Eglises d'Asie

Le P. Nguyên Van Ly a été emmené par la police dans une paroisse reculée du diocèse de Huê et des poursuites judiciaires ont été engagées contre lui

Publié le 18/03/2010




Le 24 février dernier, après avoir emmené le P. Thaddée Nguyên Van Ly de l’archevêché de Huê jusqu’à la petite paroisse de Bên Cui, située à une vingtaine de kilomètres de la ville de Huê, les services de la police provinciale entamaient une action en justice contre le prêtre dissident pour “propagande contre l’Etat de la République socialiste du Vietnam” en vertu de l’article 88 du Code pénal vietnamien. Cette nouvelle a été publiée par vietnamienne d’information du 25 février et annoncée ce même jour sur la chaîne de télévision VTV1. L’article du code cité prévoit une peine de trois à douze ans de prison pour le crime de propagande contre l’Etat, ou de dix à vingt ans de prison lorsque la faute est d’une gravité exceptionnelle.

Lors de l’intervention policière, le prêtre se trouvait dans son appartement de l’archevêché, gardé par des membres de la Sécurité, depuis le 18 février dernier. Dans l’après-midi, une troupe d’une soixantaine de policiers a cerné le bâtiment de la “Nha Ching” (résidence de l’archevêque et de quelques prêtres). Les policiers ont ensuite pénétré dans la chambre du P. Ly et l’ont poussé dans une voiture alors qu’il refusait de les suivre.

Ce déplacement forcé du P. Ly constitue le dénouement provisoire d’une opération policière entamée une semaine auparavant. Des proches du prêtre dissident avaient fourni un récit assez complet des faits qui ont précédé cette brutale intervention policière. Dès la veille du premier jour de l’année lunaire – qui tombait le 17 février -, on avait remarqué autour de l’archevêché de Huê un certain nombre de policiers. Cette présence policière s’était renforcée les deux jours suivants. Le 18 février, la tension est montée d’un cran, lorsque, vers 19 heures, des policiers en civil et en uniforme sont entrés dans l’archevêché en bloquant toute entrée et toute sortie du bâtiment. Une heure plus tard, un certain nombre de policiers ont pénétré dans la chambre du P. Thaddée Nguyên Van Ly. Ils se sont emparés d’appareils électroniques (ordinateurs et téléphones portables) et ont forcé une armoire pour y prendre d’autres objets. Ensuite, la police a voulu contraindre le prêtre à venir au poste de police pour y être interrogé. Celui-ci a résolument refusé d’obtempérer, déclarant qu’il faudrait pour cela le ligoter et le traîner. Il a alors annoncé qu’il entamait une grève de la faim illimitée pour protester des graves manquements aux droits de l’homme commis contre lui-même et contre ses collaborateurs. La police a réagi en mettant un cadenas à la porte de la chambre du P. Ly, transformant celle-ci en prison. Le “tête-à-tête” du P. Ly et des policiers aura duré une semaine.

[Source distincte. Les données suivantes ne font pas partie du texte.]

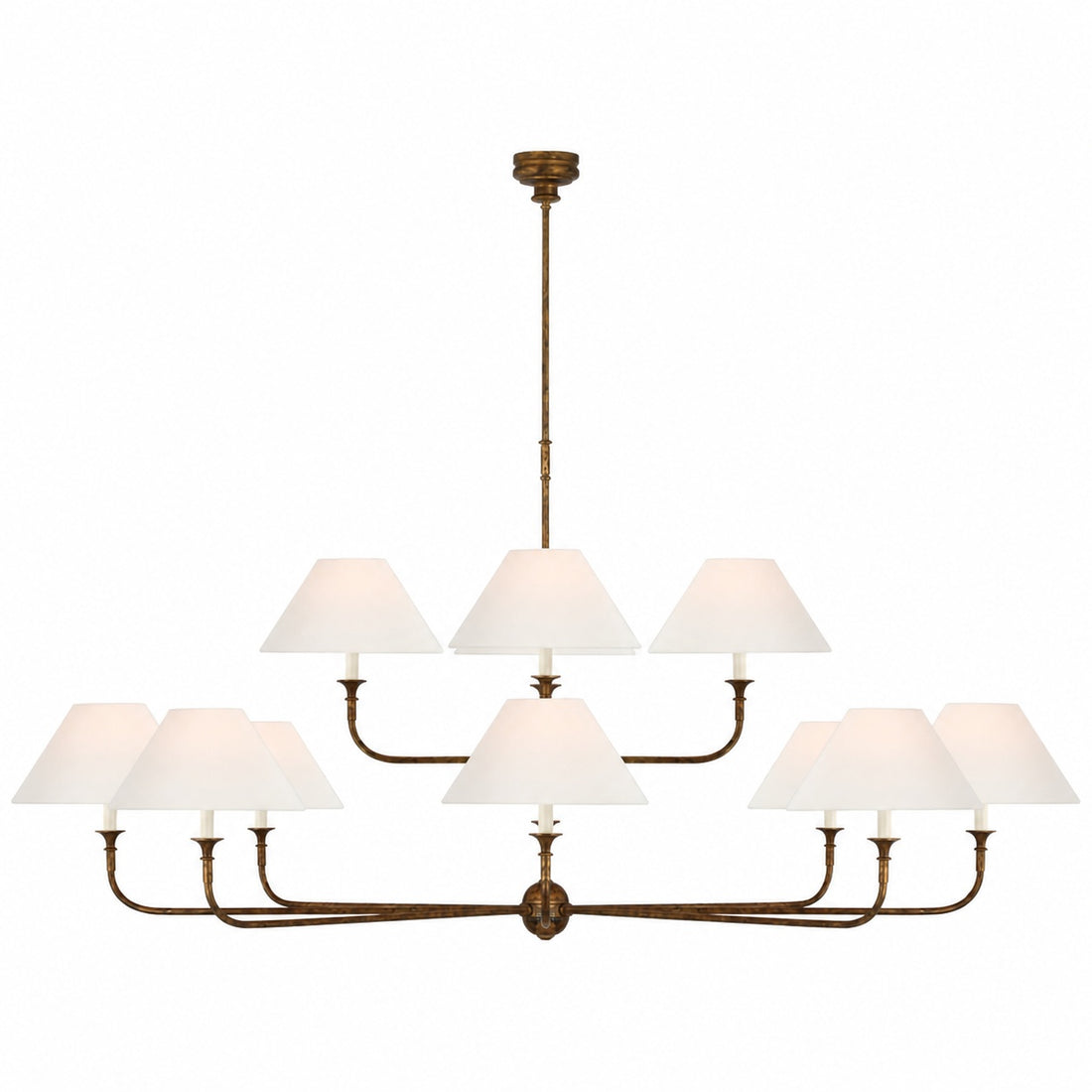 Piaf Grande Modern Industrial Metal Chandelier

Le P. Nguyên Van Ly, qui a passé dix ans en prison – de 1977 à 1978 et de 1983 à 1992 – pour “opposition à la révolution avait lancé une campagne pour la liberté religieuse à la fin de l’année 2000. Commencée au mois de novembre 2000 (1), dans le cadre de revendications locales – des terrains paroissiaux confisqués par l’Etat -, la campagne du P. Ly avait vite pris une dimension interreligieuse, nationale et même internationale. Elle a été tout de suite marquée par le ton sans concession adopté par le prêtre et une volonté de non-compromission avec le régime, que symbolisait le calicot qu’il avait accroché au clocher de son église où était inscrit : “La liberté religieuse ou la mort !” Il diffusa sur Internet de nombreuses déclarations où il revendiquait liberté et totale indépendance pour les diverses religions du Vietnam ainsi que des procès-verbaux où il détaillait concrètement les violations de la liberté religieuse commises par les autorités locales et nationales. A la demande de la Commission sur la liberté religieuse dans le monde du Congrès américain, il fit parvenir à celle-ci deux rapports sur la liberté religieuse au Vietnam.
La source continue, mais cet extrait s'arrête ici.